With video cards, both companies (nVidia and AMD) are competitive. AMD's HD7xxx cards are a newer line than their HD6xxx, which are in turn newer than the HD5xxx's. A newer generation card isn't necessarily a faster card though - an older "flagship" card will typically beat a newer mid-range card. A good example is the HD6970 is in general a faster card than the HD7850, but only marginally. The HD7770 is slower than the HD5870. It's something you'll need to look at on a case-to-case basis but don't assume a newer generation is better.
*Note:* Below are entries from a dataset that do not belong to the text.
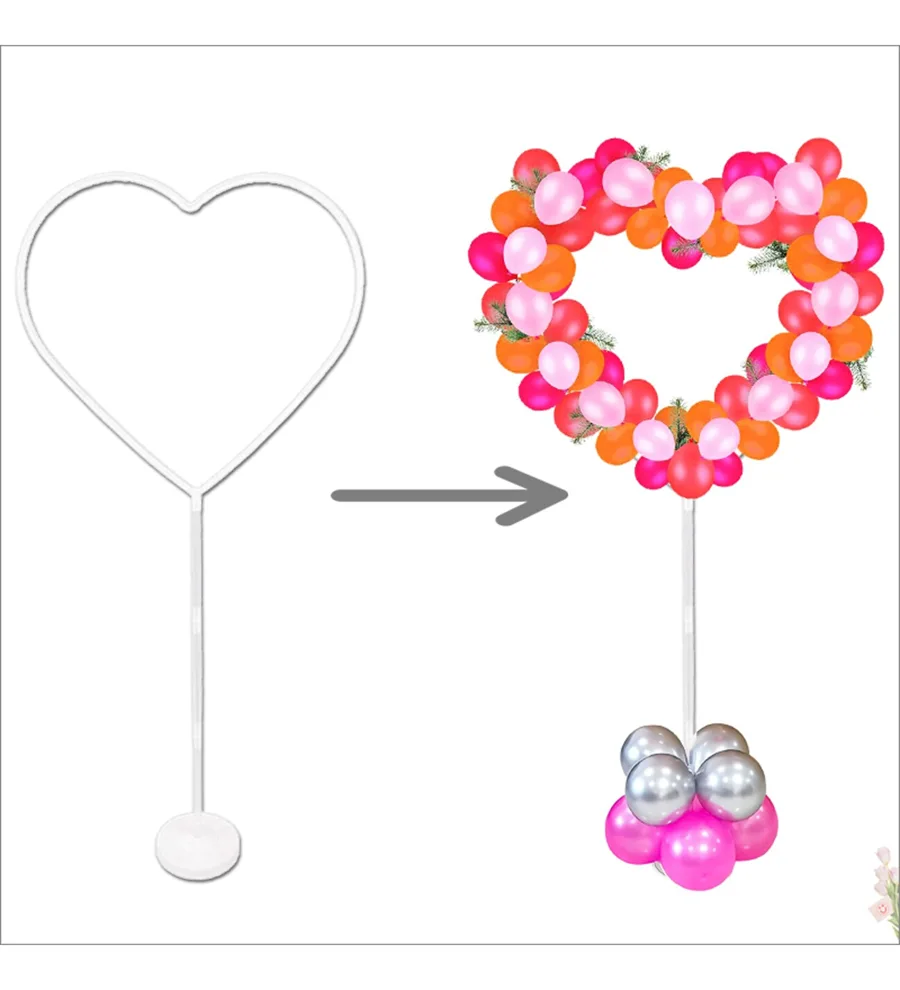 Nedi 165x65 Cm Balon Standı Ayaklı Kalp Modeli 593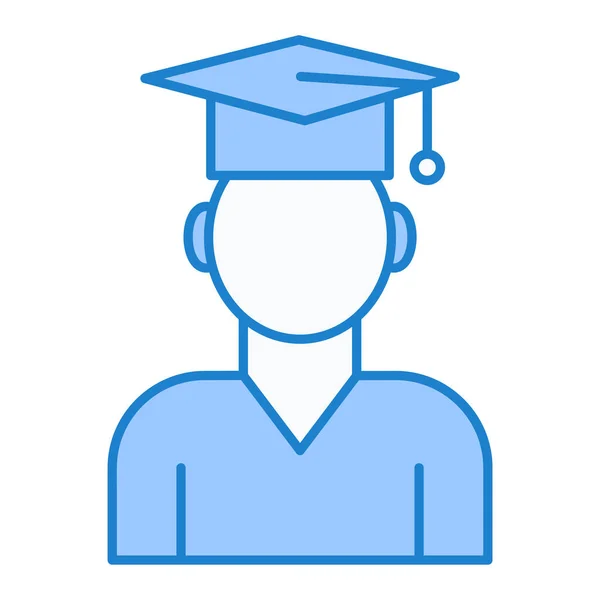 Graduation Cap Icon Vector Outline Student Hat Sign Isolated Contour — Vector de stock
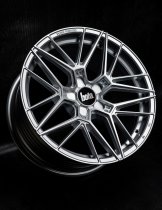 New 18 Inch BOLA FLZ Alloy Wheels In Crystal Silver, Flow Formed, Wider Rear Option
If you hit "bench" at the top of the main site you can find charts to compare cards.
I'm going to recommend vaguely that you build a system that contains the following:
1x Copy of Windows 7
Core i5 2xxx or 3xxx
1x AMD Radeon HD79xx or nVidia GTX6xx
At least 8GB total of DDR3 1600 (or better) ram, buy it in 4GB sticks. 4x4GB = 16 = happy camper
1x Solid State Drive (SSD) - super fast but small storage drive, you'll load Windows and your games on this
1x mechanical hard drive - slower but significantly larger storage, useful for keeping large amounts of movies and music which don't need to be accessed quickly
A power supply - for this system, I imagine 500w - 700w from a reputable company would be adequate, there have been several good ones linked in this thread
And of course a case. Throw in a cheap optical drive if you want. All of the miscellaneous other bits needed to assemble a computer should be included with the above parts.